The in-track extent of the detector array causes the field of view for some detectors to be considerably offset in the in-track direction from the field of view of other detectors. The optical system of the multispectral sensor referred to above has a focal length of approximately 1 meter, so that a 20 millimeter focal plane extent produces approximately 20 milliradians difference in in-track angle of view, i.e., between the direction from which the first detector on the first chip receives energy and the direction from which the last detector on the last chip receives energy at a given time.
The in-track variation in angle of view results in a distance between positions in the scene or target observed by different rows of detectors, and the distance varies depending on the distance from the sensor to the scene or target.

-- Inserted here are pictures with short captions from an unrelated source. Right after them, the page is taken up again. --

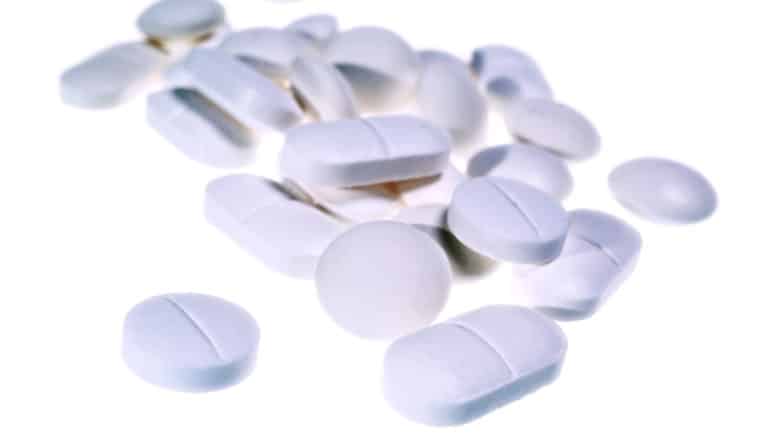white pills on white surface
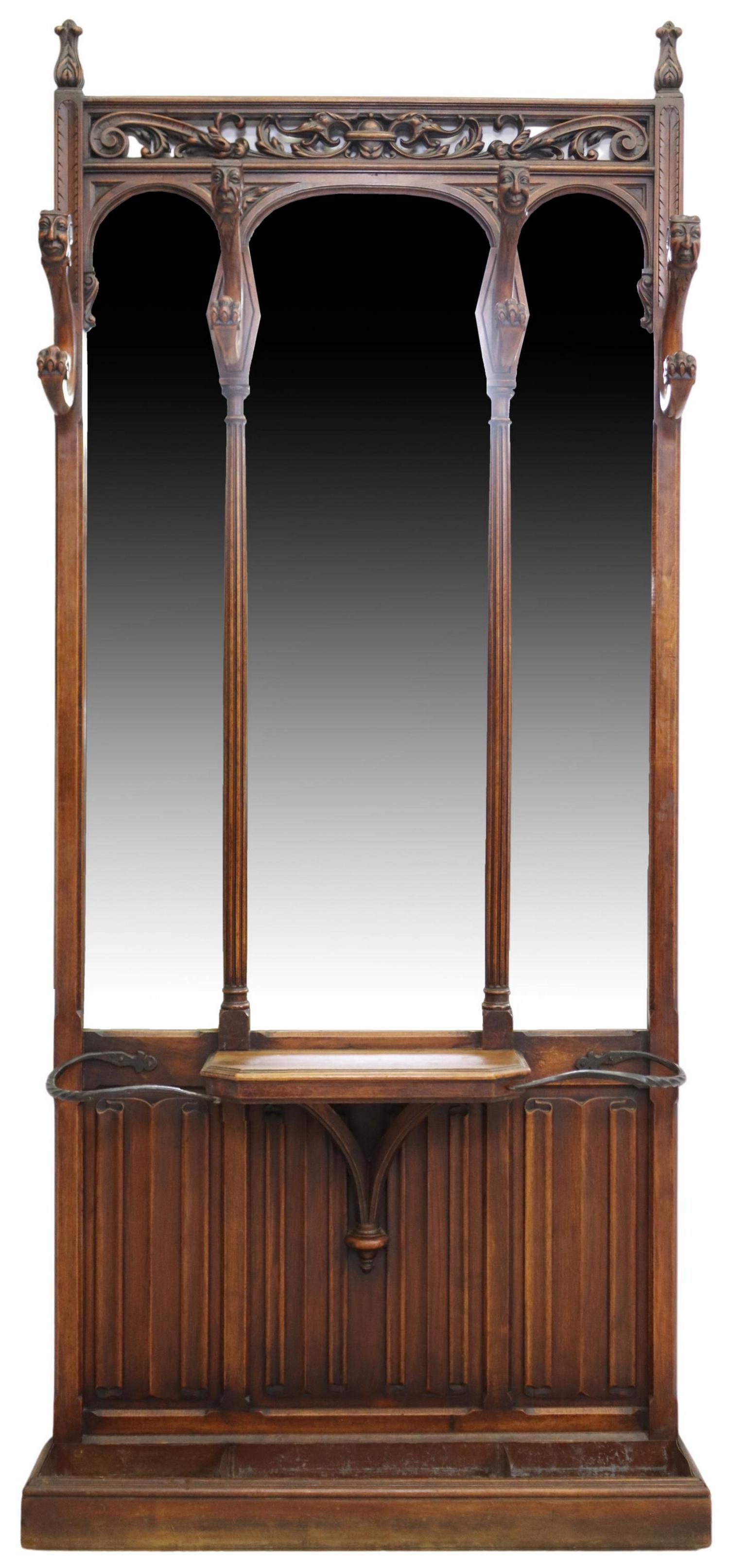FRENCH GOTHIC REVIVAL CARVED WALNUT HALL STAND: French Gothic Revival walnut hall tree, late 19th c., carved and pierced frieze, four hooks with masks, arched mirror plate, small shelf, linenfold back panel, wrought iron railing, over inset metal t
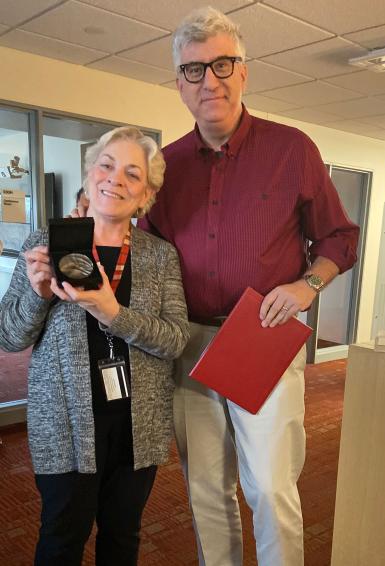 Dean James Shanahan presents undergraduate administrative services coordinator Marilyn Behrman with IU's Bicentennial medal.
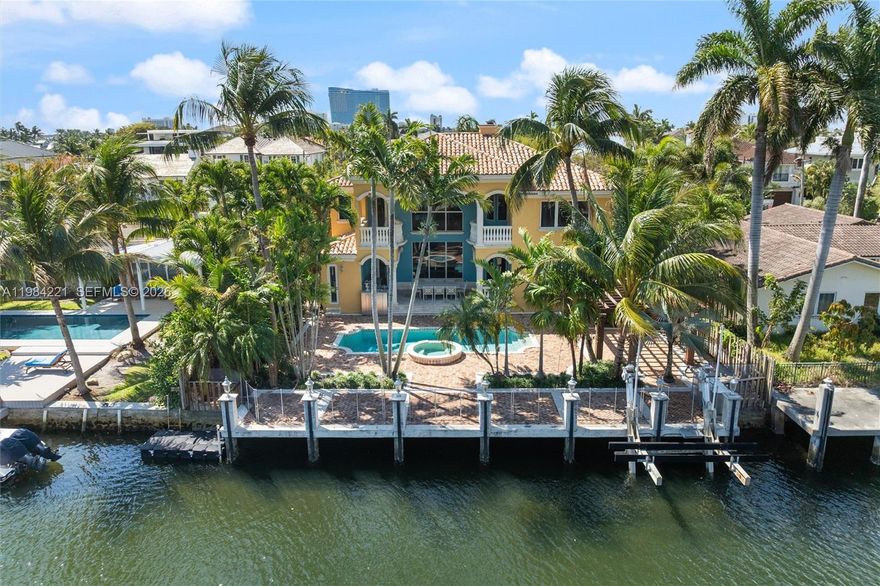 Priced to sell!  Custom 4 BR/4.5 BA waterfront residence with pool is located on 75' of deepwater and on one of the neighborhood's finest streets.  The dock features a 15,000 lb. boat lift and enjoy fast and easy access with no fixed bridges to Port Everglades Inlet.  The residence features a grand double height living room plus dining room, family room, open kitchen, custom marble flooring throughout, a four sided custom fireplace, lower level guest suite or captain's/staff quarters with private entrance, covered patio with built in BBQ, updated pool/spa, 2 new A/C units and more.  The upper level features 2 bedrooms with en-suite baths and a grand primary suite with spa bath, dual closets and office.  Close proximity to yacht club, restaurants, beach clubs, Las Olas/Downtown, airport, cruise port and all major roads.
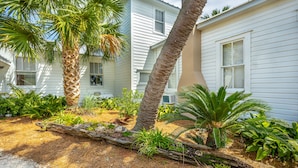 A residential area with white houses, palm trees, and a variety of tropical plants. - Heart of Historic Apalachicola, Nostalgic Florida “Blue Moon Cottage ” (Apalachicola)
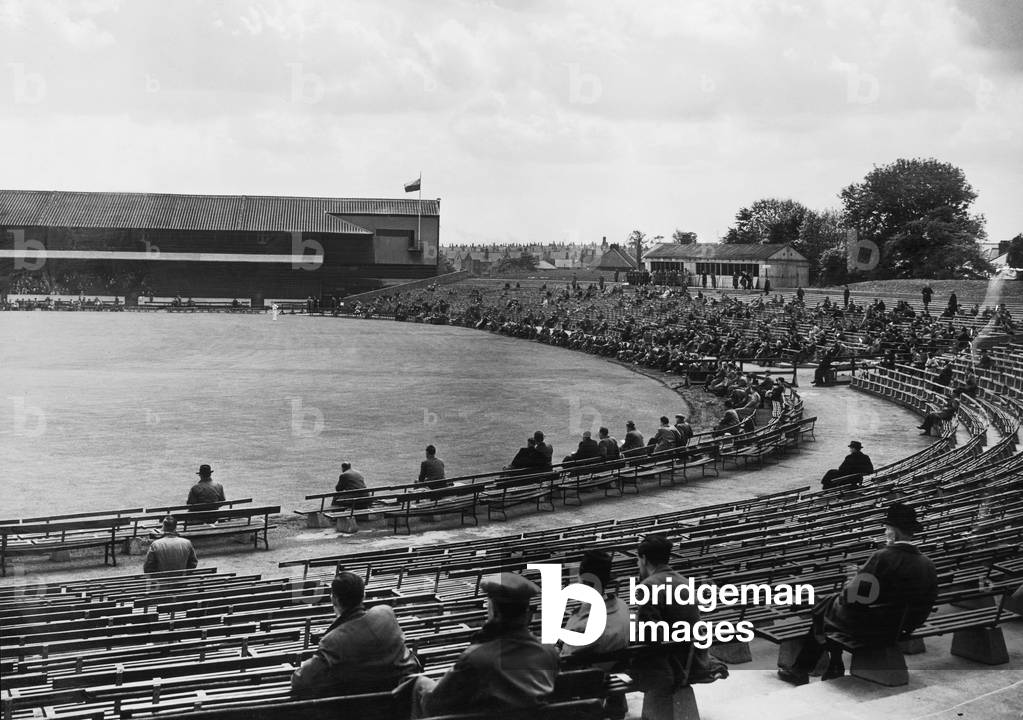 Spectators watching the action at Headingly, the ground of Yorkshire Cricket Club in Leeds. c.1935 (b/w photo)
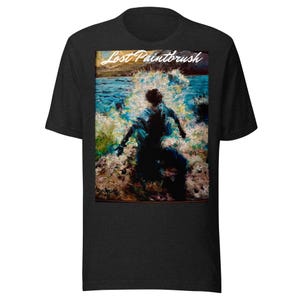 May include: Dark gray t-shirt featuring a colorful graphic print. The graphic depicts a person in a blue outfit, standing in water with waves crashing around them. The text "Lost Paintbrush" is above the figure.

The distance from the sensor to the scene may vary in an unknown fashion due to changes in the sensor position (e.g., satellite orbit variations or aircraft altitude changes) or due to variations in surface elevation in the scene. The processing element is required to correct for the difference in scene position observed by different rows of detectors, and this correction becomes more difficult and less accurate as the in-track extent of the detector array increases. For example, for the sensor described above, a 100 meter error in determining the elevation of the scene results in up to a 2-meter error in determining the relative position of pixels from different rows of detectors.
The in-track extent of the detector array also results in a time interval between when the first row of detectors observes a given point on the ground and when the last row of detectors observes the same point. For the sensor described in the above example, which is carried by a satellite at an altitude of approximately 700 kilometers, the maximum delay is approximately 2 seconds. During this time, the satellite or aircraft carrying the sensor can change orientation, i.e., pitch, yaw, or roll, resulting in errors in determining the relative position of pixels from different rows of detectors.
The in-track extent of the detector array also results in a variation in the angle from which a given point in the scene or target is viewed by different spectral bands, which can affect the relative amount of radiation received by the sensor in the different bands.
Furthermore, the in-track extent of the detector array also requires that the optical system provide a high-quality image over this in-track extent, which may be difficult to do while maintaining acceptable optical system performance in other respects, such as aberrations and optical distortions.
To improve the accuracy and reduce the complexity of the corrections that the processing element must perform, it would be desirable to reduce the amount of space utilized by the detectors in the focal plane. As such, various components, such as dichroic (i.e., wavelength-selective) mirrors, may be used to dissect the radiated and/or reflected energy, which is typically visible and/or near and short-wave infrared radiation, into its spectral bands. The spectrally separated radiation then must be directed to the appropriate detectors, such as with lenses or by precise detector positioning. It is difficult, however, to maintain the alignment of mirrors to the detectors because temperature changes may cause the mirrors to slightly change position. In addition, the mirrors require a relatively significant amount of space in front of the focal plane, such that mirrors typically may only be used to separate 2 or 3 spectral bands.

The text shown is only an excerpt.